The article can get a bit confusing when he goes into specific technical features to measure the advantage. But in short, Riot measures peeker’s advantage as the amount of time that a player sees you without you seeing them.

To see how it works in numbers, the average human reaction time is about 247 milliseconds. But the peeker’s advantage in VALORANT is an average of 40 to 70 milliseconds. Even if it’s a small difference in real time, it’s still a head start.

Unfortunately, a high ping causes a worse peeker’s advantage. It doesn’t give players a real advantage, however. “Low latency is near always superior, as your player actions get to the game server faster than your opponents’ actions,” Straily said.

Straily said the bigger problem with a high-ping player is that it causes worse peeker’s advantage for everyone. But a low-ping player has just as much of a peeker’s advantage on a high-ping opponent.

One tip given by the technical engineering lead is to play aggressive in high-ping disparity games. “Playing with high ping is not the ideal, but it is the short-term reality considering the smaller CB populations & ongoing infrastructure build-out,” Straily said.

The developers are also working on strafe shooting, which is when players are killed by someone who appears to be in the middle of running.
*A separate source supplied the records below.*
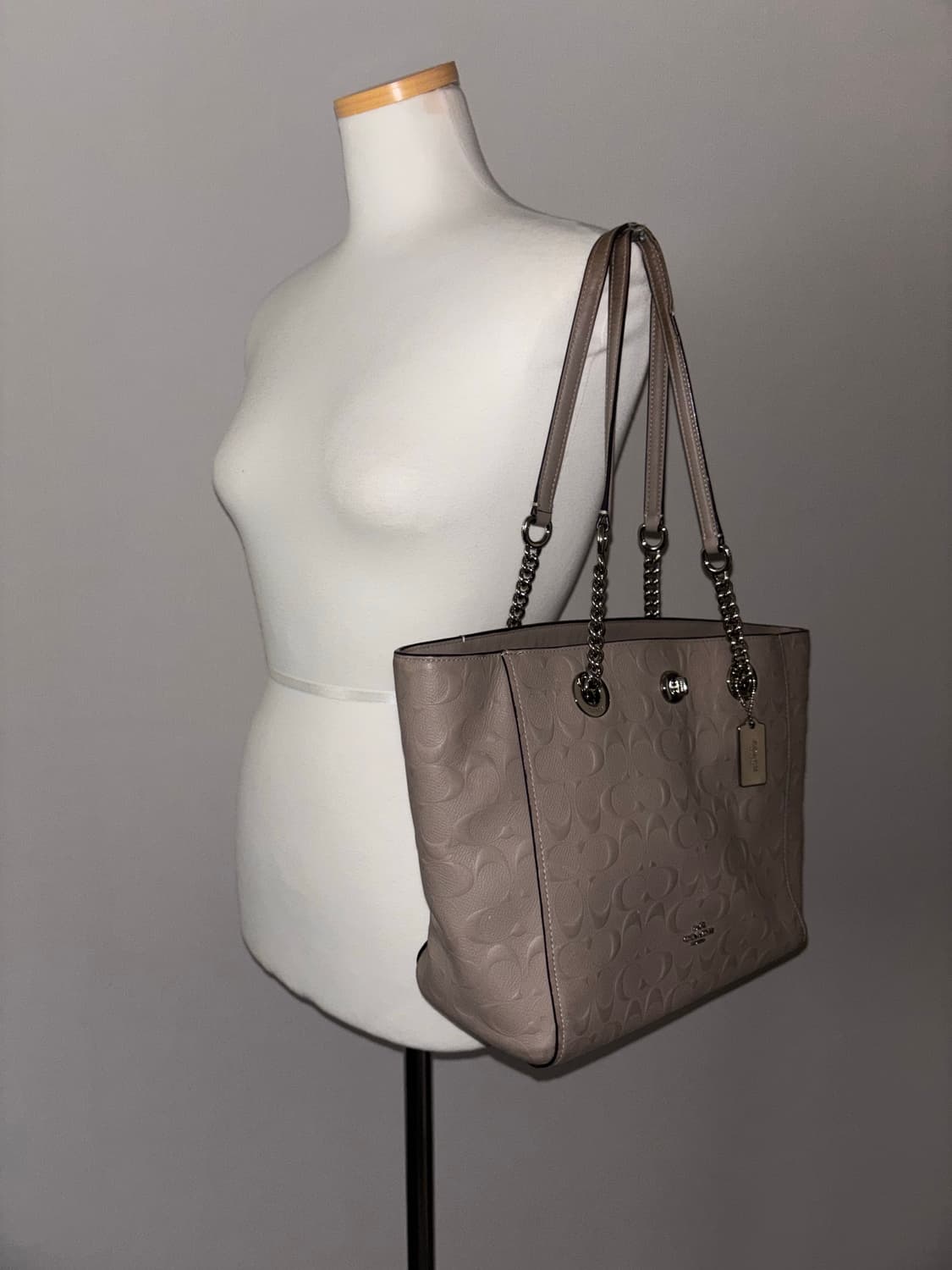 Coach Ivory Gray shoulder bag 상품이미지3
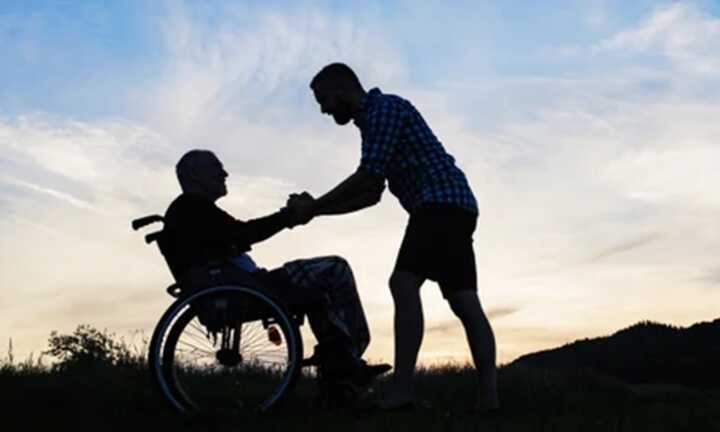 UK ministers promise ’new settlement’ for carers amid allowance controversy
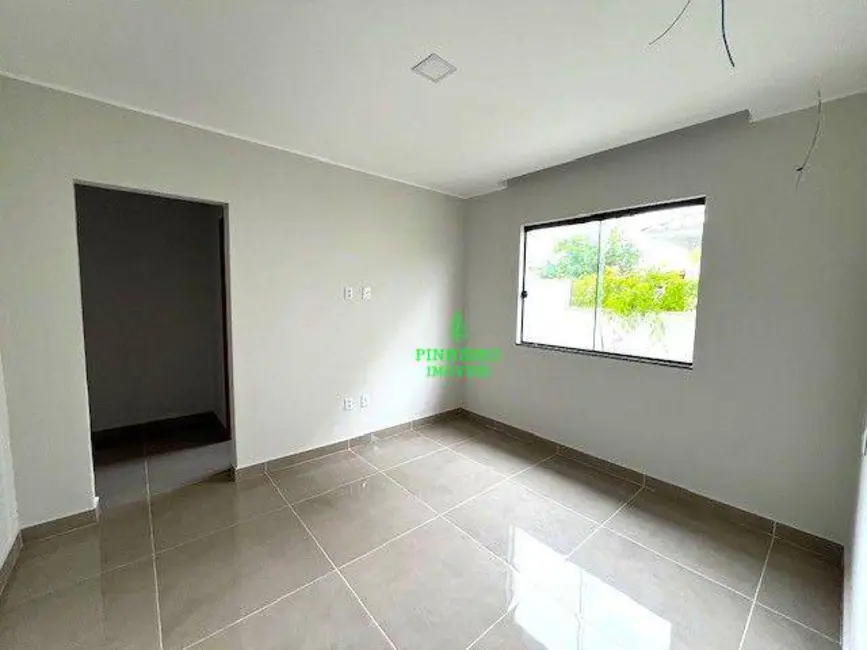 Foto 9 de Casa de Condomínio com 3 quartos à venda, 240m2 em Pindobas, Marica - RJ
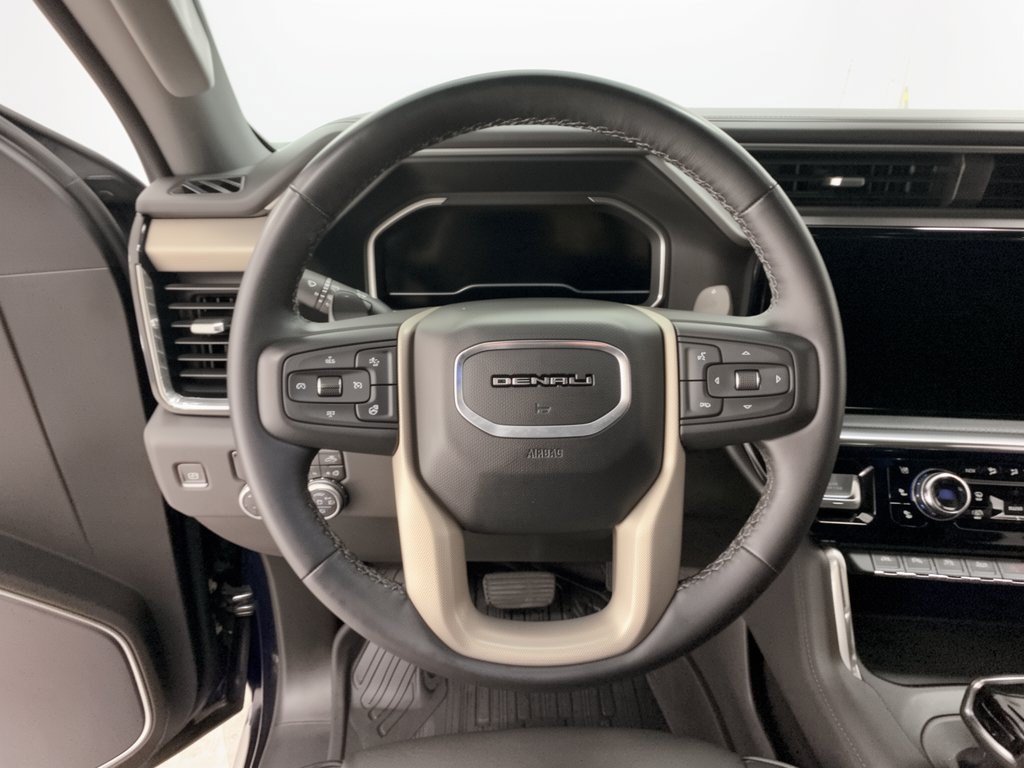 Used 2023 GMC Sierra 1500 Denali w/ Denali Reserve Package RWD image 10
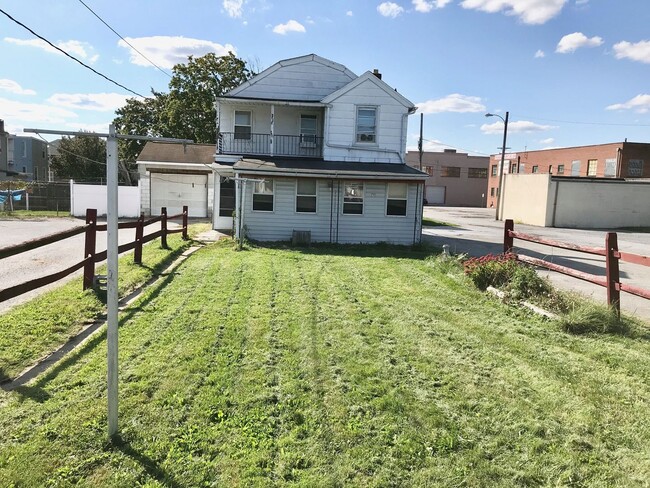 Building Photo - Cozy 2–3 Bedroom, 1 Bath Home with Garage & Sunroom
In actuality, on the server and from their point of view, though, they’re standing still.

There’s approximately a seven-millisecond desync between movement data and damage data, so when you get killed, the player’s move position is always shown 7.8125 milliseconds behind from where they actually fired.

This is a more prevalent issue when players are using counter-strafing effectively since the typical muscle memory is to shoot in the frames after a counter-strafe.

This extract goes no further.